PROBLEM STATEMENT =
Among the lines below, restate word for word only those from the line with "Modern Agenzia Fotografica" through the line with "Streuselheld Jimmie's Pfefferminz", with both end lines kept.

EXERCISE INPUT =
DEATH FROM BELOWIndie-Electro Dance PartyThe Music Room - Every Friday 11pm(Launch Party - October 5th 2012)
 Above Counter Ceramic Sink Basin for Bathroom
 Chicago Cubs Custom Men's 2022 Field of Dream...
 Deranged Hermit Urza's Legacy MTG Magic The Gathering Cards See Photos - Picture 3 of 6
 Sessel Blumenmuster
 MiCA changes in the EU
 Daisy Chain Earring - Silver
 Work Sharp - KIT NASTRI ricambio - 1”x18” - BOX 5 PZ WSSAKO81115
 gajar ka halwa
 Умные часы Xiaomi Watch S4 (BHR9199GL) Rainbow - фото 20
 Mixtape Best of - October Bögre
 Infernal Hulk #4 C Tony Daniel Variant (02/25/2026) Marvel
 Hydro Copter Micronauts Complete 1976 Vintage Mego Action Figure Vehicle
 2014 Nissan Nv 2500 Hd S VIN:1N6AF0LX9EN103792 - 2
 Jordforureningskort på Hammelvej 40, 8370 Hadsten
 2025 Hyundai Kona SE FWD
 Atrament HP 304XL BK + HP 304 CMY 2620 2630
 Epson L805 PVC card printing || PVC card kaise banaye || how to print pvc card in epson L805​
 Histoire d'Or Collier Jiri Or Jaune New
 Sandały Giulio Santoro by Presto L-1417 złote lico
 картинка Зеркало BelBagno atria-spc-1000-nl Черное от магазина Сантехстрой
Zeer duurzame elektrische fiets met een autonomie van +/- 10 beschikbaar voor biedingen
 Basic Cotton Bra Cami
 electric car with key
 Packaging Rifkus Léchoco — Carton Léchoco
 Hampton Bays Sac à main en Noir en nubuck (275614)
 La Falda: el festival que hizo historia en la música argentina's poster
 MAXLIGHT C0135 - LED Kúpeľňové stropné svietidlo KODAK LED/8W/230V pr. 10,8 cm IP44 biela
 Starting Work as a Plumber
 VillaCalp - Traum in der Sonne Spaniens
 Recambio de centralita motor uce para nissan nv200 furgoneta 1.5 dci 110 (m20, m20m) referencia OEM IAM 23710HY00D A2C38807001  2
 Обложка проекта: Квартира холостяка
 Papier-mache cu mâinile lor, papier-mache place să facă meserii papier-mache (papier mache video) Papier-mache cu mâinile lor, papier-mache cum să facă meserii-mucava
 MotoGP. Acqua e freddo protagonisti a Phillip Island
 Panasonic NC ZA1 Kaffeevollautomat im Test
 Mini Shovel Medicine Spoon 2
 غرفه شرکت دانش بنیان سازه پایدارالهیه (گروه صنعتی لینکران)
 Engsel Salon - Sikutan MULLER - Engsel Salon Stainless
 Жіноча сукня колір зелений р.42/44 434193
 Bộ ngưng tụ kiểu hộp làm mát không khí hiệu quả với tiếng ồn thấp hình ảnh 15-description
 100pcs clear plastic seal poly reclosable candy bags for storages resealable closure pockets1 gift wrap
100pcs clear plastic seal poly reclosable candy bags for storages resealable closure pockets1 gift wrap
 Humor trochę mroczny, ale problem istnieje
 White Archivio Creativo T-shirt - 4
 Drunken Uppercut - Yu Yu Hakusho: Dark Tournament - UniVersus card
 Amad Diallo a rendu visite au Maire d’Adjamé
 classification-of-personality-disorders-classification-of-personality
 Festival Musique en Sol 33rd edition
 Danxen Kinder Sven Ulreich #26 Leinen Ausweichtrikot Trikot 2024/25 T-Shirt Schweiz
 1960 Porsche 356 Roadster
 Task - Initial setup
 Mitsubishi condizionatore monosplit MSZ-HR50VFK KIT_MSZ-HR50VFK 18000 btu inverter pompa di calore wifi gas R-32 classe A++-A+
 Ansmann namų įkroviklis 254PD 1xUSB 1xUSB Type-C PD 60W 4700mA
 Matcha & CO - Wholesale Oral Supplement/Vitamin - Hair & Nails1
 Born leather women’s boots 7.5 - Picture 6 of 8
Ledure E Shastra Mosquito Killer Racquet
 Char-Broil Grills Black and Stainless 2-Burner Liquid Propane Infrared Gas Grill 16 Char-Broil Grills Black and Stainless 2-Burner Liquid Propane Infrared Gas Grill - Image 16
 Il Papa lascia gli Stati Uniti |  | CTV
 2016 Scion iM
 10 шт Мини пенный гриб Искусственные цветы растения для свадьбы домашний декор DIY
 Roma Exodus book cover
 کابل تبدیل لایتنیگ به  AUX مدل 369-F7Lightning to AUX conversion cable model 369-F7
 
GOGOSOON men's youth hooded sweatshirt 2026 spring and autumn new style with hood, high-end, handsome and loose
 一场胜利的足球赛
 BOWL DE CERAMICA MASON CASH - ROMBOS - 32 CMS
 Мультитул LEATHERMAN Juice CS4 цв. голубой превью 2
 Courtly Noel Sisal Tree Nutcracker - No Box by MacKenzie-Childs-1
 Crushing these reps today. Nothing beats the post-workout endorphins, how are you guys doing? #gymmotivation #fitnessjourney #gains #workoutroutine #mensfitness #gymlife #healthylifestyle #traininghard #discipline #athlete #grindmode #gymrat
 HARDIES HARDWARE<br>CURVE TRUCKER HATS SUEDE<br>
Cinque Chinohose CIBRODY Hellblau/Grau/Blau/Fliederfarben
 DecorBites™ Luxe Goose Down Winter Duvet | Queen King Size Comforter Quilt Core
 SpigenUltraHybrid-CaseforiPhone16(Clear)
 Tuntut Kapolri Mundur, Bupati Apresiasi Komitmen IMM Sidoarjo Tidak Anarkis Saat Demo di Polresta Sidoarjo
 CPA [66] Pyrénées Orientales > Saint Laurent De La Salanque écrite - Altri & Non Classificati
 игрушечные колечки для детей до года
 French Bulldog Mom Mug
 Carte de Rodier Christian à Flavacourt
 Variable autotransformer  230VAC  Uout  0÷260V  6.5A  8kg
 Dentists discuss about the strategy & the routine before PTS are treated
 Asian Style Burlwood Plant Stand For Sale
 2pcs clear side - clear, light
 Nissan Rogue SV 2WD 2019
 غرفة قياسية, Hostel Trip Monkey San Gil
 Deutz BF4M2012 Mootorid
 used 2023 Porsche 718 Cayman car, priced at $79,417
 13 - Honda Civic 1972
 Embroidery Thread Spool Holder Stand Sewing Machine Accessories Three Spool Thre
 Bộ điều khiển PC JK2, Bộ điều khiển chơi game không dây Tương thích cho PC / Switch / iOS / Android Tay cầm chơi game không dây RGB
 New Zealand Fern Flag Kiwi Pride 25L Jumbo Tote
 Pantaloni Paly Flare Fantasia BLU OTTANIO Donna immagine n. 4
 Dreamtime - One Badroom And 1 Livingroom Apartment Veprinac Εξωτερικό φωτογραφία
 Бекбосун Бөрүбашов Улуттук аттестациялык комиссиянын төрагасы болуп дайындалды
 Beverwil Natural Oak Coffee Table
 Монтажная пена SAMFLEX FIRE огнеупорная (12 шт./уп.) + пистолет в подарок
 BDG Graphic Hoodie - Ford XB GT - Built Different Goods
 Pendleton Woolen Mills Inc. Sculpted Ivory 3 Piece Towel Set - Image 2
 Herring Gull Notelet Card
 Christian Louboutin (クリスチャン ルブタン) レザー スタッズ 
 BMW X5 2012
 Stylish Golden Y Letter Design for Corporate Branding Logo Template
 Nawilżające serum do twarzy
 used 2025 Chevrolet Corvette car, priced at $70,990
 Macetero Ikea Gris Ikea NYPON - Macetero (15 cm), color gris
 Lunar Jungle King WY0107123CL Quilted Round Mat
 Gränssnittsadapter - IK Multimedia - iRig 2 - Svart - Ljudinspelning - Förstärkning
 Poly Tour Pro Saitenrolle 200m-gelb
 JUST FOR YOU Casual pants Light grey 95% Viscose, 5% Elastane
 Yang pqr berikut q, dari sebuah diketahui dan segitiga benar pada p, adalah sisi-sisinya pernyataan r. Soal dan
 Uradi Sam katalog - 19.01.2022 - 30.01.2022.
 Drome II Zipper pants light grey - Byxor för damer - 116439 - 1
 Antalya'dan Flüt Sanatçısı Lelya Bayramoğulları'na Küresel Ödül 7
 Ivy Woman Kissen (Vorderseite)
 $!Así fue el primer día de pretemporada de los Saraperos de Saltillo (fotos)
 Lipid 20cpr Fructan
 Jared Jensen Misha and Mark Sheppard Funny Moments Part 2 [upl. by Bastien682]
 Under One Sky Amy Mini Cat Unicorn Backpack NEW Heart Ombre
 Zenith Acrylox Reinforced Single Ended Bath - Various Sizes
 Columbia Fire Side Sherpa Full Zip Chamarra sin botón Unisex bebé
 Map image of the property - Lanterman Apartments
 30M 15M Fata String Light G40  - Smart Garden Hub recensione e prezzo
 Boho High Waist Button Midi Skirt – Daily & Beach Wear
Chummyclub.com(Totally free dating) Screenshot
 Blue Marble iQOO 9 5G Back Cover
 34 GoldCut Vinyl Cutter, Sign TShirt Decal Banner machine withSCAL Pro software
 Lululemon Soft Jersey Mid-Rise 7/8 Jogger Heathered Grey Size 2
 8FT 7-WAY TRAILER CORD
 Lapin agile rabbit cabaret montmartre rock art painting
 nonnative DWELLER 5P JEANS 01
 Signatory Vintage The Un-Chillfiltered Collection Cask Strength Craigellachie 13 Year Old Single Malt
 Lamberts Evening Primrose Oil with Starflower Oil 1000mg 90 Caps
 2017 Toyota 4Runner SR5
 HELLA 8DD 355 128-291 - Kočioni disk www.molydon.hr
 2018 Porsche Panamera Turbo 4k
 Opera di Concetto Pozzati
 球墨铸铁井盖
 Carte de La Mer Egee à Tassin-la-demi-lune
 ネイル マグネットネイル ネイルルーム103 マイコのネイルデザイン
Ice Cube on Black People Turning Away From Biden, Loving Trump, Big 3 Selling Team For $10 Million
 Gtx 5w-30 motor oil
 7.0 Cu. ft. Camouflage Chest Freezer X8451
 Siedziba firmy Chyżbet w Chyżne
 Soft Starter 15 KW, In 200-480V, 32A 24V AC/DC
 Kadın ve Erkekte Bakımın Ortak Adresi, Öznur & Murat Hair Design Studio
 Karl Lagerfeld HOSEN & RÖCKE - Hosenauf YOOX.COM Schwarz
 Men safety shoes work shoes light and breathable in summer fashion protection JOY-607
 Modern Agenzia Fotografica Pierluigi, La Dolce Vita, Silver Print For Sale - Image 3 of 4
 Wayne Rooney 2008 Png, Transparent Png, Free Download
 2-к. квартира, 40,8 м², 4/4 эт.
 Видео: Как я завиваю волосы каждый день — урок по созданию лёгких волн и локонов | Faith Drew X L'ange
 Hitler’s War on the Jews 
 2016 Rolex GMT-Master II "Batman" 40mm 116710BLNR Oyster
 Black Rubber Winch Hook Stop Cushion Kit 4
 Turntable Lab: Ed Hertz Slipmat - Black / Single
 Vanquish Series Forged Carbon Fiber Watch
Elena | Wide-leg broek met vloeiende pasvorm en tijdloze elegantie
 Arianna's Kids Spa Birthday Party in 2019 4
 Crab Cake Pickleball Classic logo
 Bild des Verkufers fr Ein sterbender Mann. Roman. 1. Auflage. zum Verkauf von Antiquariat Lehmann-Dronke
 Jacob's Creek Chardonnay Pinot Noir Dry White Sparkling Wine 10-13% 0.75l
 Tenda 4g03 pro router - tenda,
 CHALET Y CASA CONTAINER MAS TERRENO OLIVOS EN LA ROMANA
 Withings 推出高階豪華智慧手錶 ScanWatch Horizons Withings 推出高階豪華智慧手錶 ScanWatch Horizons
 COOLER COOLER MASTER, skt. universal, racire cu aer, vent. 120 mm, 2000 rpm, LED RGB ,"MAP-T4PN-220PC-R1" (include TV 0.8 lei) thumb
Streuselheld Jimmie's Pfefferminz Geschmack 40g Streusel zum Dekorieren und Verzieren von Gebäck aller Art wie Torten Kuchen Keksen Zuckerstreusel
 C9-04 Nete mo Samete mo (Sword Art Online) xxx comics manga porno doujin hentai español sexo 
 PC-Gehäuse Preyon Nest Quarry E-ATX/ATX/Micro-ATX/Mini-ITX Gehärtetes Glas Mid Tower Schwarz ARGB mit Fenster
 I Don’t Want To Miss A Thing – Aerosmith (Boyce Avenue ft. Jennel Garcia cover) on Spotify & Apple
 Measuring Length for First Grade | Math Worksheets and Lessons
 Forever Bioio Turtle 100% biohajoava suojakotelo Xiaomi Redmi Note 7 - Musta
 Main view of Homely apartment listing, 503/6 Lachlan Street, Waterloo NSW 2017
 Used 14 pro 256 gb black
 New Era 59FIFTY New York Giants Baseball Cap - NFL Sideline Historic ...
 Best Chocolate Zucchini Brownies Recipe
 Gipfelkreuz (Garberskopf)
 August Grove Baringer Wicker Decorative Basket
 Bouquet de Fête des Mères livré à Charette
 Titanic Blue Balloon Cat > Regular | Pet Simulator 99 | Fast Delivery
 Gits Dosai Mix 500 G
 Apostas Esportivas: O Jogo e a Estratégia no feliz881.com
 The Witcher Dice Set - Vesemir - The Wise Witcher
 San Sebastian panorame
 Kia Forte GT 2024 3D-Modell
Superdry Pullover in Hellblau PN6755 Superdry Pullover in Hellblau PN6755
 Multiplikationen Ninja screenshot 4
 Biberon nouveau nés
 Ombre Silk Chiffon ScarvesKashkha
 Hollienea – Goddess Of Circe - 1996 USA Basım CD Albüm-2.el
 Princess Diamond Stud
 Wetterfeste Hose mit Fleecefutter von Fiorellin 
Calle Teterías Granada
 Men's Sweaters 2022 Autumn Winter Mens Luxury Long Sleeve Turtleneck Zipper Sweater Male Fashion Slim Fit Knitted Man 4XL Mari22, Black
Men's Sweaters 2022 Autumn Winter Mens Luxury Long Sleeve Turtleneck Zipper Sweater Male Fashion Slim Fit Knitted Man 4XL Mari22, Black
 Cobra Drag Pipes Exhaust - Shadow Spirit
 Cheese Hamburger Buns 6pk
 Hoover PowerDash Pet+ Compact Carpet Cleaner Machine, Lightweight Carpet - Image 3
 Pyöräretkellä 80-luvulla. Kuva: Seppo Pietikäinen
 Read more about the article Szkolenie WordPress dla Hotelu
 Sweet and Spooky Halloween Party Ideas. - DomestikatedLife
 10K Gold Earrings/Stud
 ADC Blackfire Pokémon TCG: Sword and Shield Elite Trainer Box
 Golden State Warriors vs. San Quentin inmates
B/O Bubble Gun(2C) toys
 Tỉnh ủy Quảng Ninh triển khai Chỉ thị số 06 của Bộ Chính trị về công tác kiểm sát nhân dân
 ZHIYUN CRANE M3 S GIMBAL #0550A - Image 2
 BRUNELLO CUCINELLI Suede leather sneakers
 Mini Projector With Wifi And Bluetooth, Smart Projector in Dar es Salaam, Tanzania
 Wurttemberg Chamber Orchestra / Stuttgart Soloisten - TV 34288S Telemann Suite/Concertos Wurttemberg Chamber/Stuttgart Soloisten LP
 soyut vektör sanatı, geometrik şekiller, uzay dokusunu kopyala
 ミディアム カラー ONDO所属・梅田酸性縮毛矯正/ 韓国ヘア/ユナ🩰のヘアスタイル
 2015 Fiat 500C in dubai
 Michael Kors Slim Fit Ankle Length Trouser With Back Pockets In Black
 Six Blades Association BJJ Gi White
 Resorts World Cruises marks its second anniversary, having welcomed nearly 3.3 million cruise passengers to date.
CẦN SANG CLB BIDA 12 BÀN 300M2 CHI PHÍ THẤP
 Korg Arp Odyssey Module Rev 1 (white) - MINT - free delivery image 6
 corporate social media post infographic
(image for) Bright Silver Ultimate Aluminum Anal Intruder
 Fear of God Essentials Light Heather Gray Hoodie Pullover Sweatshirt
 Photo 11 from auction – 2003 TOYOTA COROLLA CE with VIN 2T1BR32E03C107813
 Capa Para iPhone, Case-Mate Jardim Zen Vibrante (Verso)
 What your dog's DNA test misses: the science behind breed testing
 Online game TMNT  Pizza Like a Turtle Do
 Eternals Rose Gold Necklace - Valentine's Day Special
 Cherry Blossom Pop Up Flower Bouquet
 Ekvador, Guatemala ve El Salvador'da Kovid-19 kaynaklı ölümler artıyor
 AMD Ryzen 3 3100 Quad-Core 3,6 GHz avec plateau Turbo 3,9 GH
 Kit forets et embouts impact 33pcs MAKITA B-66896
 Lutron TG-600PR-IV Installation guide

ANSWER BELOW =
 Modern Agenzia Fotografica Pierluigi, La Dolce Vita, Silver Print For Sale - Image 3 of 4
 Wayne Rooney 2008 Png, Transparent Png, Free Download
 2-к. квартира, 40,8 м², 4/4 эт.
 Видео: Как я завиваю волосы каждый день — урок по созданию лёгких волн и локонов | Faith Drew X L'ange
 Hitler’s War on the Jews 
 2016 Rolex GMT-Master II "Batman" 40mm 116710BLNR Oyster
 Black Rubber Winch Hook Stop Cushion Kit 4
 Turntable Lab: Ed Hertz Slipmat - Black / Single
 Vanquish Series Forged Carbon Fiber Watch
Elena | Wide-leg broek met vloeiende pasvorm en tijdloze elegantie
 Arianna's Kids Spa Birthday Party in 2019 4
 Crab Cake Pickleball Classic logo
 Bild des Verkufers fr Ein sterbender Mann. Roman. 1. Auflage. zum Verkauf von Antiquariat Lehmann-Dronke
 Jacob's Creek Chardonnay Pinot Noir Dry White Sparkling Wine 10-13% 0.75l
 Tenda 4g03 pro router - tenda,
 CHALET Y CASA CONTAINER MAS TERRENO OLIVOS EN LA ROMANA
 Withings 推出高階豪華智慧手錶 ScanWatch Horizons Withings 推出高階豪華智慧手錶 ScanWatch Horizons
 COOLER COOLER MASTER, skt. universal, racire cu aer, vent. 120 mm, 2000 rpm, LED RGB ,"MAP-T4PN-220PC-R1" (include TV 0.8 lei) thumb
Streuselheld Jimmie's Pfefferminz Geschmack 40g Streusel zum Dekorieren und Verzieren von Gebäck aller Art wie Torten Kuchen Keksen Zuckerstreusel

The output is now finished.